The local effect of these specific irritants, when they are not promptly attacked, devoured, and removed by phagocytes, is pus, which means cellular death, or gangrene, which is death of masses of cells which have not had time to separate from each other. Pus, then, is the ordinary consequence of the contest above alluded to, and each pus cell represents the dead body of a phagocyte which has perished in the attempt to protect the parent organism from harm. That it has died valiantly can almost invariably be determined, because within its dead body may be seen one or more of the minute invaders which it has attacked. This, then, is the light in which inflammation and infection should be viewed.

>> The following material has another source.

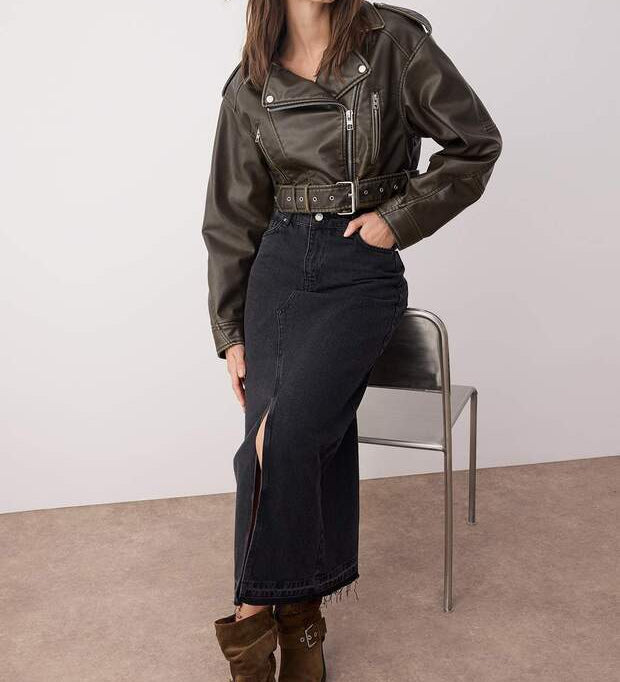 A sleek black denim maxi skirt featuring a high waist, structured fit, and front slit for ease and style. Perfect with boots, sneakers, or heels for day-to-night looks.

In other words, we may have escape of fluid portions of the blood, which may or may not coagulate; we may even have some escape of corpuscular elements with some activity in the extravascular cells, which shall lead to temporary or even permanent enlargement of a part; all of which may be provoked by injury or by the presence of certain chemical irritants within the blood or tissues; for example, alcohol, uric acid, etc. But the factors which provoke the greatest activity on the part of intravascular and extravascular cells, and which determine the richness in albumin of fluid exudates, or their prompt coagulation as soon as blood serum has escaped from the vessels, and which particularly determine the furious rush of phagocytes and that kind of intercellular conflict which leads many of the contestants on both sides to death, are living organisms which are introduced from without, whose presence at the point of inflammation is abnormal and injurious, which are offending substances in every respect, while the whole phenomenon of inflammation is an expression of an effort to rid the system thereof. Taking this view of the subject, there is an important distinction between hyperemia and its consequences, which is absolutely a non-infectious condition, and inflammation with its consequences, which is always an infection and is always followed by more or less death of cells, the same being often extruded in a semifluid mass known as pus.